After reciting some methodological quibbles, Potter summarizes the results with the statement that the program had a “mixed effect.” When you’ve been in the education research business long enough, your eyes automatically roll by reflex whenever they read the words “mixed effect.” A mixed effect is a positive effect produced by a policy that the researcher doesn’t like.

It’s interesting that there have actually been two longitudinal studies of the Louisiana voucher program, and Potter didn’t review the other one. That study found the program decreased segregation in public schools while having no effect on segregation in private schools – and in school systems under court orders for desegregation it had a positive effect in both public and private schools.

As we look at the evidence on private school choice — the actual evidence, not speculation — we should consider it in comparison with the continuing epidemic of ethnic segregation in the public school system. Jim Crow began in the public schools, and its legacy has never really left. The Government Accountability Office recently found that from 2000 to 2014, the percentage of all K-12 public schools with ethnic or socio-economic “isolation” (defined as those with over 75 percent of students from the same group) grew from 9 percent to 16 percent.

Choice may tend to produce positive results because you can’t get much more segregated than a system in which students are assigned to schools based on where their parents can afford to live. If Potter wants to fight segregation, she’s looking in the wrong place.

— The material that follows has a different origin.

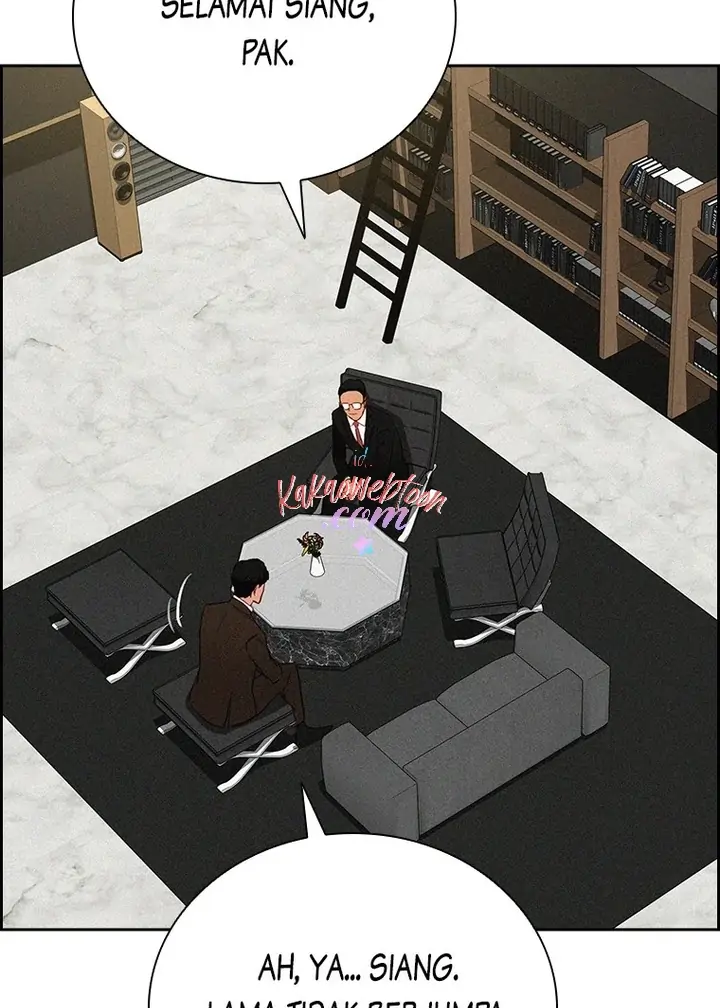 Chapter 147 - halaman 109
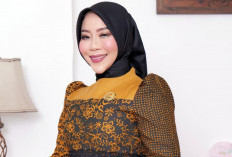 Mayor Tan Tjin Kie dan Kang Ayip Muh Punya Peran Besar Terhadap Cirebon, DPRD: Sejarah Harus Dilindungi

Within the limitations of available data and methods, the empirical evidence is very encouraging for private school choice on ethnic segregation – just as it is on academic outcomes, effects on public schools, fiscal effects and effects on civic values and practices. If there were no data, speculation would be all we had; in light of the data, speculation ought to give way to reality.

— Greg Forster

Greg Forster, Ph.D. is a Friedman fellow with EdChoice.